主張

ベルリンの壁、崩壊中!@大阪

尾花英次郎(大阪府)

 年明けから「グランドデザイン・大阪」(GD)というビジョンづくりに携わっている。 「大阪都」実現に向けた大阪府と大阪市の一本化、いわゆる府市統合に伴って、2050年の大阪の将来像を描こうとするもので、計画内容は詳述しないが、夢があって楽しい、斬新な手法だ、はたまた、コンセプトがない、実効性に乏しいなど、議論百出である。

 確かに、スピード感を優先し、語弊はあるが「行政の側で決めつけない」姿勢を貫いた「余白のあるたたき台」としているだけに、荒っぽさが目立って稚拙かつ無責任に映るのだろう。しかし、問題を提起し、議論を巻き起こした点については、第一段階の使命を果たしたと感じている。 GDの最大の意義は、言うまでもなく「府と市の都市ビジョンの一本化」である。

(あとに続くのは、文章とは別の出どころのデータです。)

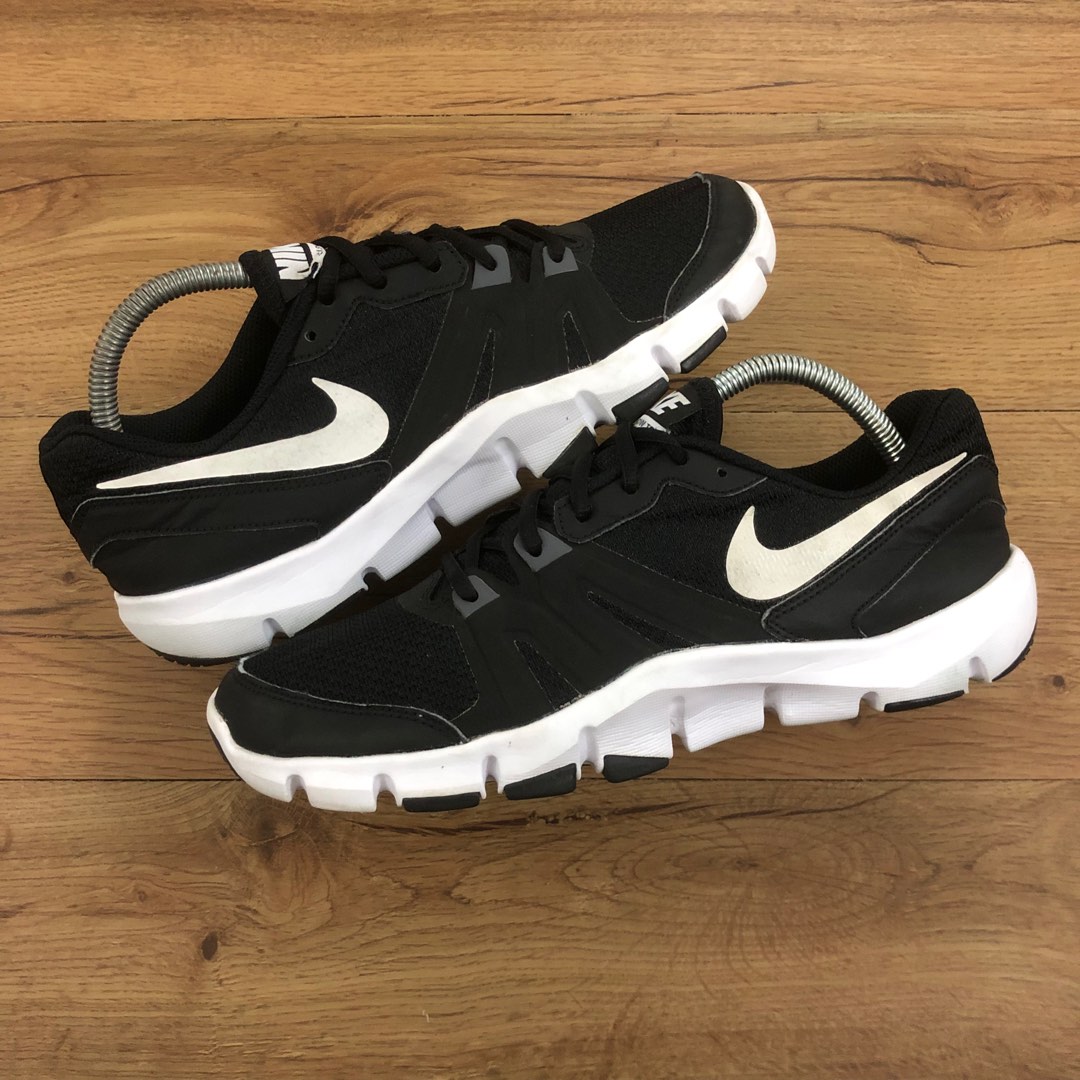 Nike FlexShow 7uk Men s Fashion Footwear Sneakers on Carousell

 府市職員が共同で、都心部のポテンシャルを活かした「ワン大阪」の将来像を描こうとしており、論議の中で「府の技術者が東ベルリンに入って楽しそうに絵を描いている」と揶揄されたが、表現の仕方は別として、市内都心部を舞台にした仕事は実に新鮮で楽しい。

 私のこの実感が、今後、東ベルリン側の職員(笑)にも芽生えてくるとすれば、大都市・大阪のまちづくりには、大きな発展の可能性があると思う。逆に言えば、これまで「府市あわせ」(不幸せ)とまで言われた府市間の障壁は、双方の知恵・技術の交流を遮断し、第三者に二重の手筈を強いてきた点だけを見ても、計り知れない停滞を招いていたと言える。

 私の期待と目標は、具体的な計画内容やプロジェクトではなく、府市の職員が、民間企業や関係機関と連携のもと、我が街・大阪の将来のために新たな発想で力を結集することにある。都心に民間投資が集まりその効果を大阪全体で享受する、衛星都市群では過密な市街地を改造し豊かな暮らしを実現するなど、ようやく本来の都市構造、都市経営論が展開できる訳だが、この正常化は、大阪の都市政策上かなりドラスティックな出来事だ。

 新たな発想とは「利用者の視点」と「ストックの活用」である。この言葉自体は使い古された感が強いが、実際にアクションに移すという意味では未だ真新しいと言える。例えば、交通分野の利用料金適正化については、すでにハイウェイ・オーソリティー構想として高速道路の運営一元化に取組みつつあり、港湾や空港も同様である。

 今後の大きなトピックは公共交通機関、とりわけ鉄道経営の変革である。大阪都市圏に蓄積された鉄道ネットワークは世界に冠たるレベルであり、このストックを活かして、乗客が使いやすさを実感できるマストラへと進化させるのだ。個別経営の障壁を取り除き、全体最適化の中で各社の採算性も維持する「次世代の鉄道運営システム」を編み出す必要がある。折から、地下鉄民営化の動きが加速化しており、この機を捉えて、広域的な観点から鉄道網の利便性向上とその経営のあり方を具体化していかなければならない。地下鉄と私鉄路線のジョイントは一考の価値有りだ。府市統合と並びで、鉄道サイドの運営一本化・乗入れ自由化を実現し、強固なスクラムで「乗客に喜ばれる鉄道」をめざしたい。

 最後に、変革のうねりの中で、地域デザイン研究会の可能性についても触れたい。そもそも府市はもとより企業も大学も織り交ぜた地D研は、壁のない都市技術者の集合体であり、培われた人的ネットワークや知的蓄積は大阪・関西の財産だ。研究会内部の活動にとどまらず、府市、企業、関係機関の間の指南役や接着剤として大いに発信すべきだと思う。 府市の壁が崩れゆく今、都市づくりへの思いが強いメンバーが集う地D研に期待したい。